Madagascar’s idyllic islands host an array of tranquil and easy reef dives full of tropical fish and turtles. Discover dramatic underwater topography, wrecks and gorgonian forests perfect for photographers or just watch pilot and humpback whales, plus abundant whale sharks passing by.
Diving in Madagascar
Madagascar is a nature lovers’ heaven, boasting plenty of healthy reefs, colorful tropical fish, pelagics, turtles, dolphins and even whales. Divers of all levels can explore many endemic species on some of the longest coral reefs on earth.
Madagascar, situated off the east coast of Africa, has four main diving areas; Nosy Be, the Mitsio archipelago, Sainte-Marie Island and the archipelago of the Radames.
Nosy Be, has diverse waters with beautiful coral and topography. You can find plenty of fish, and even mantas and whale sharks among the many dive sites, which also include walls and wrecks.
East of Madagascar, Sainte-Marie, is a hotspot for humpback whales and southern whales during their breeding season.
Diving is available year-round, with plenty of dive centers and dive resorts to cater to your needs. Most diving is done by boat for easy access to dive sites, but for the best experience, many opt for liveaboards.
Best time to dive
The best time to go entirely depends on what special creatures you want to encounter, and what temperature pleases you. Madagascar enjoys a tropical climate, and generally has two seasons; a comfortable dry season from May to October, and a rainy season which is humid and hot, running from November until April.
Sea temperatures normally don’t fluctuate a lot throughout the year no matter the season, ranging between 24°C (75°F) to 29°C (84°F). November sees the highest water temperatures, which can peak around 32°C (89°F).
The visibility is mostly good all year round, and divers can see most marine species during every season. But for extra special encounters, such as humpback whales, July to November is the time to visit. For whale sharks and manta and devil rays, go between October and December.
Types of diving
Diving in Madagascar offers beautiful reef, wreck, wall and cave diving, all usually by boat.
Many sublime coral reef dive sites can be found all over Madagascar, but in particular around Nosy Be. Other vibrant reefs can be enjoyed around the islands of Nosy Tanikely, Nosy Sakatia, Nosy Miitsio, Nosy Iranja and Nosy Komba, with boat trips departing from Nosy Be to these spots.
For unforgettable wall diving, head to Greg Wall, which is famous for its dramatic wall. There’s also a cave in this site, for those who wish to explore further.

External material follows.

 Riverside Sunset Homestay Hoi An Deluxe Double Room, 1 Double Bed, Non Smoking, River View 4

For wreck enthusiasts, one of the best sites is the Mitsio Wreck, just south of Nosy Be. Sunk to create an artificial reef, it’s an easy site that’s teaming with life, including schools of small and large fish, eels, and even stunning macro life such as frogfish.
What to see
Madagascar is vast and hosts extremely rich, diverse marine life no matter where you dive. All year round divers can observe an array of hard and soft corals, sea fans and anemones, all while enjoying encounters with a myriad of tropical fish, angel and clownfish, schools of larger fish, such as barracuda and trevally, and a wealth of macro life, from nudibranch and shrimp to frogfish.

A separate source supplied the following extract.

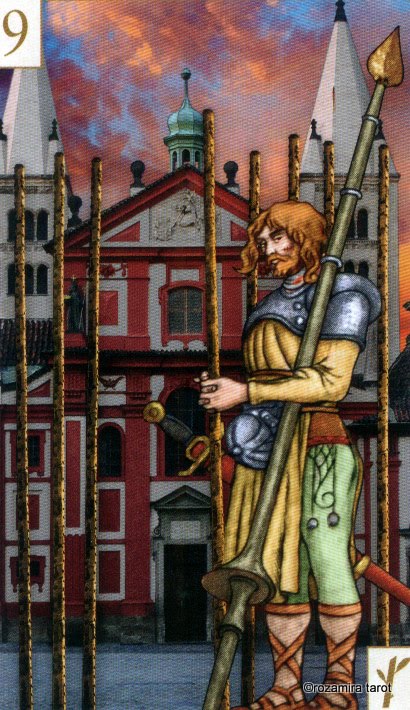 The Tarot of Prague (third edition)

That’s not all, as divers can meet turtles, dolphins and pilot whales and even a ton of shark species, like hammerheads and black tips. Depending on the season, you can also see humpback whales from July to November, and whale sharks, devil and manta rays between October and December.
Best places to dive
There are too many amazing dive spots all over Madagascar, but to name only a few,
Tanikely Marine Park
Nosy Tanikely Marine Park is perfect for beginners and advanced divers alike. It offers enchanting, easy diving with corals and fauna, colorful fish, exciting creatures from frogfish, eels and groupers, to barracuda, stingrays and turtles.
Accessible by boat from Nosy-be, Manta Point is a cleaning station where these majestic rays gather and put on a show. You can watch as cleaner and juvenile fish pick parasites and bacteria off the mantas. You can spot devil rays, groupers, tuna, and occasionally whale sharks.

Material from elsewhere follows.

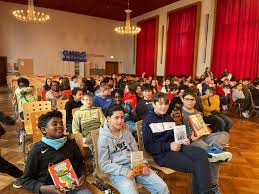 Vorlesewettbewerb 23/24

The Gran Banc Exterior is a must for shark lovers, where many species can be encountered, including reef sharks and hammerheads. This site also boasts amazing topography, including a large drop off and an amazing continuous barrier reef.
Lastly, for an absolutely unmissable dive, head to the Gorgonian Fan Forest, which promised an eerie, alien planet-like experience, where you can spot turtles, stingrays, and even seahorses hooked to the sea fans.
The Radames Archipelago features dramatic underwater topography and structures, such as tunnels and arches. With plenty of prolific marine life to discover here, divers will not be disappointed.
The diving around the Mitsio Archipelago has been well preserved and is very tranquil, thanks to its remote location and lack of human activity. Best accessed via a liveaboard due to its remoteness.